→ Task requirements: Here is a listing, set out below; repeat its lines from the one with "東京西川羽毛掛け布団 ・シングル" to the last, both included, and leave out the pictures.

[[ Available data, beginning ]]

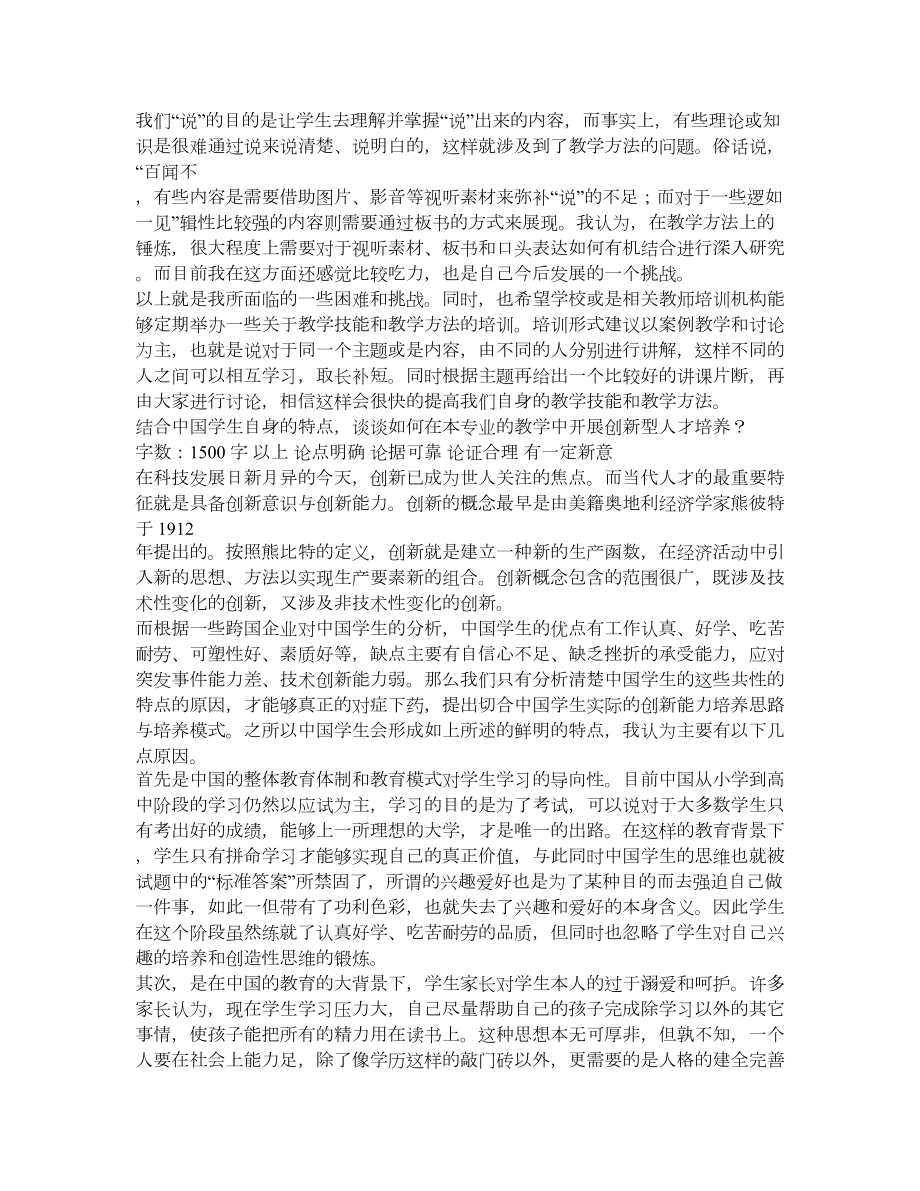 北京高校教师岗前培训作业(全)1.doc_第2页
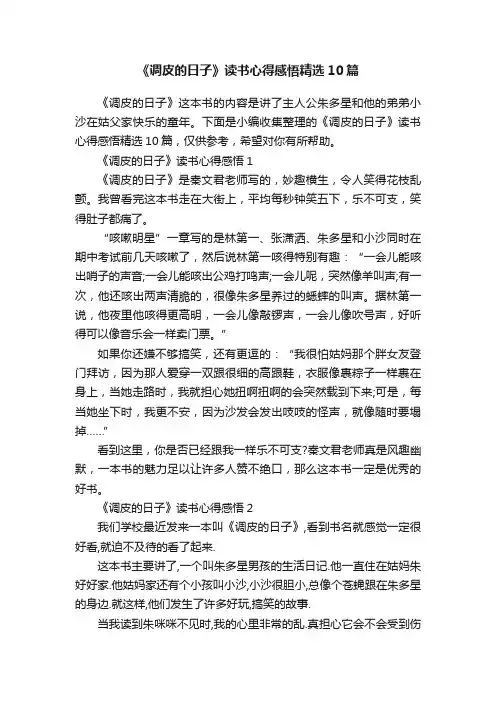 《调皮的日子》读书心得感悟精选10篇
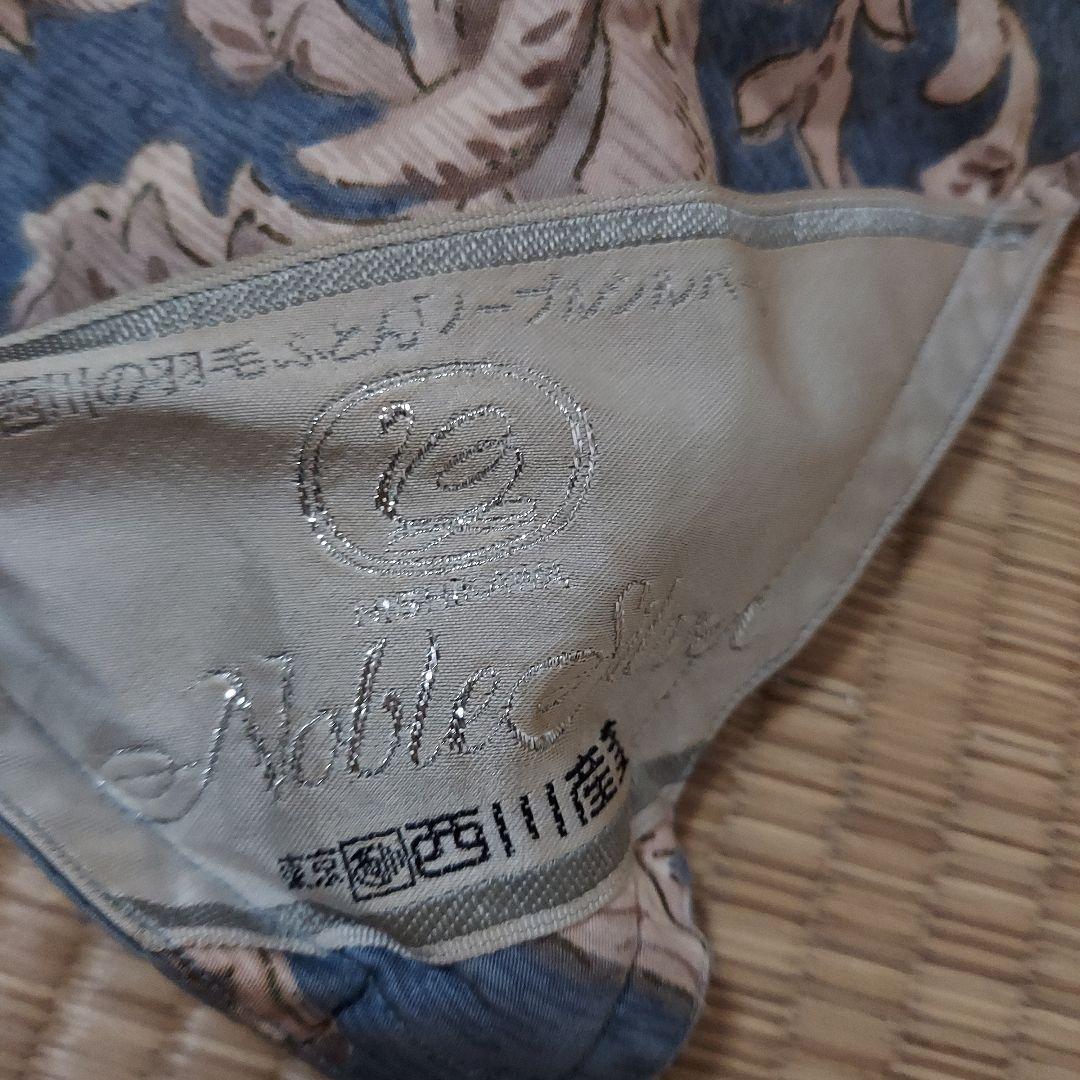 東京西川羽毛掛け布団 ・シングル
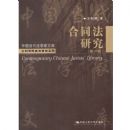 ��ͬ���о�(��1��)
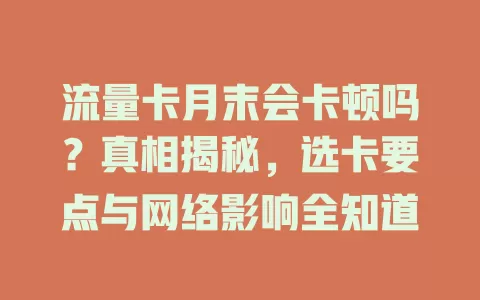 流量卡月末会卡顿吗？真相揭秘，选卡要点与网络影响全知道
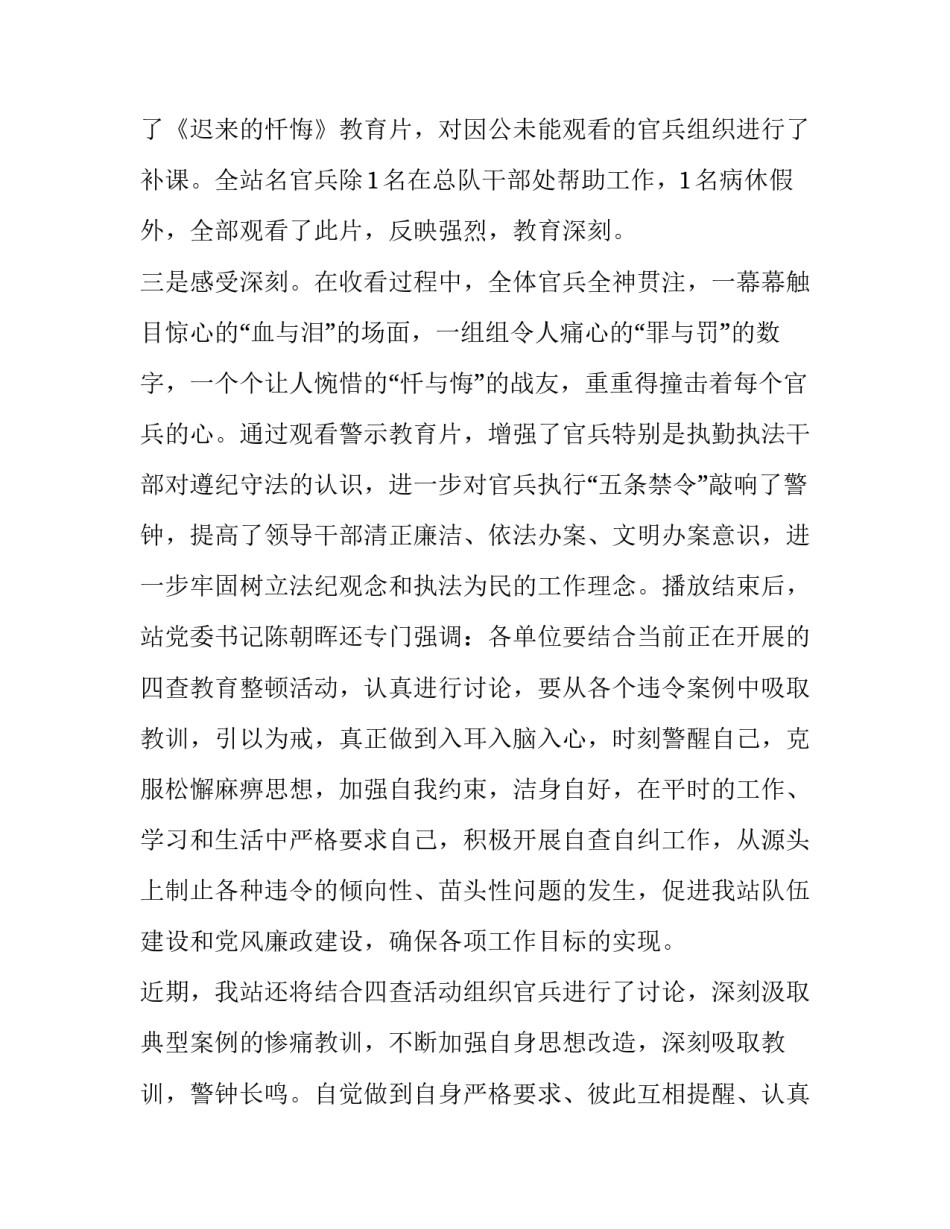 观看底线不可逾越心得体会及感悟 不可触碰的底线观后心得(四篇)_第2页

[[ Available data, end ]]

→ Solved problem:
 東京西川羽毛掛け布団 ・シングル
 ��ͬ���о�(��1��)
 流量卡月末会卡顿吗？真相揭秘，选卡要点与网络影响全知道
 观看底线不可逾越心得体会及感悟 不可触碰的底线观后心得(四篇)_第2页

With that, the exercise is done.